Justo es sin embargo apuntar que ninguno de esos personajes siniestros habría tenido la menor posibilidad de lograr sus mezquinos propósitos sin el consentimiento—a veces expreso y casi siempre tácito—de un pueblo ignorante de sus derechos y reacio a asumir sus deberes como ciudadanos. He ahí la gigantesca tarea que tienen ante sí las futuras generaciones de cubanos que aspiren a servir a la patria. Sembrar en la conciencia de sus conciudadanos la convicción de que el soberano es el pueblo y los gobernantes sus siervos. Todo lo contrario de lo que les han martillado a palos, miseria y terror en los últimos 52 años. Una especie de catarsis nacional cuya aplicación tomará por lo menos una generación pero sin la cual jamás tendremos nación.

A pesar de este sombrío panorama tenemos algunas buenas noticias. Son muchos los apóstoles que han predicado este evangelio de derechos y deberes ciudadanos en el curso de nuestra historia. Ya lo dijo José Martí con su “cree hombres quien quiera pueblos”. O cuando en otro momento nos advirtió sobre la fragilidad de la naturaleza humana y dijo: “Todo hombre es la semilla de un déspota; no bien le cae un átomo de poder, ya le parece que tiene al lado el águila de Júpiter, y que es suya la totalidad de los orbes”.

Dos cubanos que compartieron su doble compromiso de amor a Cristo y de amor a Cuba nos dieron sus respectivas fórmulas para el camino azaroso e incierto de crear pueblos. “En un pueblo virtuoso es imposible que se erija un tirano”, nos dijo el Padre Félix Varela. Y en una especie de admonición categórica Monseñor Eduardo Boza Masvidal nos dijo: “La hora del caudillismo debe terminar”.

Por otra parte, me parece importante que junto a estas sabias enseñanzas se establezcan reglas del juego político que mantengan a raya los impulsos totalitarios de los aspirantes a caudillos. Por ejemplo, poner límites tanto a la reelección como a la permanencia en los cargos electivos. Quizás extender de cuatro a seis años el ejercicio de la presidencia con la limitación absoluta de un solo período. Dos virtudes tendría esta fórmula: Evitaríamos el riesgo de futuras dictaduras, así como tendríamos a un presidente libre de los chantajes de los intereses creados y mas concentrado en servir a su pueblo que en ser reelecto para seguir viviendo del cuento. Limites similares, aunque algo mas prolongados, podría establecer para cargos electivos en el poder legislativo, en la provincia y en el municipio.

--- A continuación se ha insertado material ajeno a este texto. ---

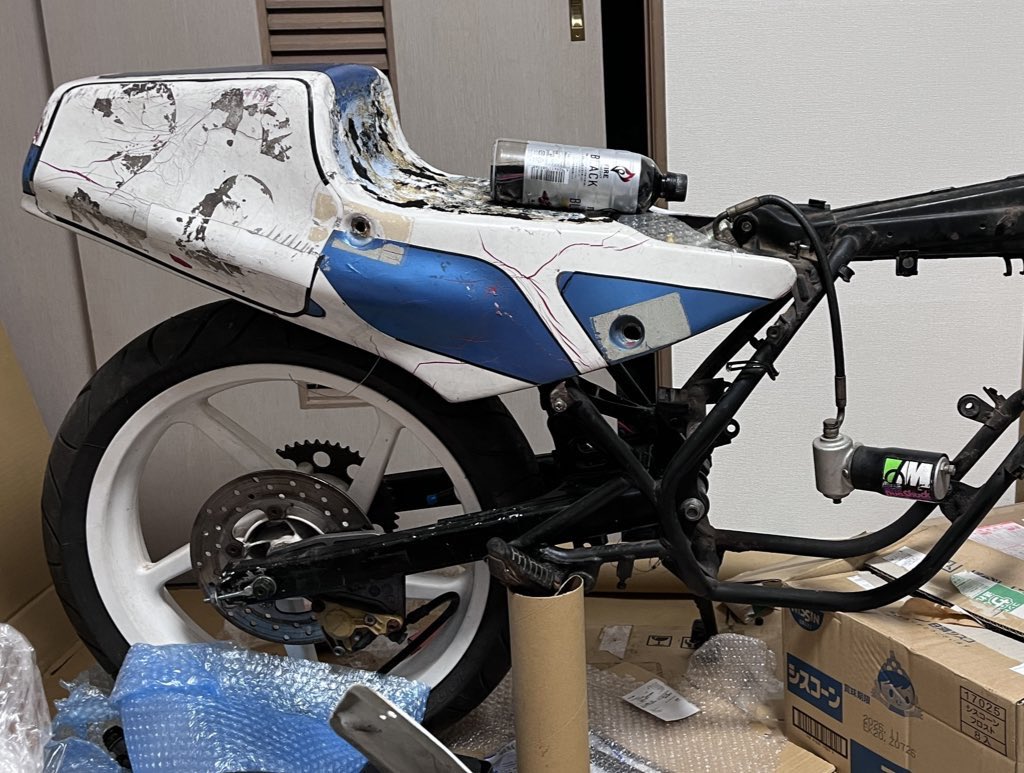 ま え だ tweet media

Necesitamos, por otra parte, una garantía sólida contra la asechanza de los militares devenidos en autoproclamados salvadores de pueblo. Tenemos que poner fin de una vez por todas a los malditos golpes de estado. Aunque me opongo a la pena de muerte aplicada a civiles, considero que el militar en ejercicio que dirija o participe en un golpe de estado debe ser juzgado en la jurisdicción militar y enfrentar la pena de muerte sin opción de adecuación de la pena por parte del tribunal que lo juzgue. No puede haber compasión alguna para los miserables que pongan su ambición personal por encima de la libertad y el bienestar del pueblo de Cuba.

Ahora bien, los jueces de última instancia somos los hombres y mujeres que queremos la instauración de una república democrática donde todos podamos expresar a gritos nuestro pensamiento sin temor a represalias por parte del gobierno. A nosotros nos corresponderá juzgar a quienes aspiren a gobernarnos y, sin dudas, tendremos simpatías y preferencias por algunos candidatos. Pero a ninguno, absolutamente a ninguno, debemos extenderle un cheque en blanco para violar los principios y las garantías de nuestra democracia como lo hemos hecho en el pasado. Todos bajo la ley y nadie sobre la ley.Después de todo, la patria es: “Tarea de todos, pedestal de nadie.”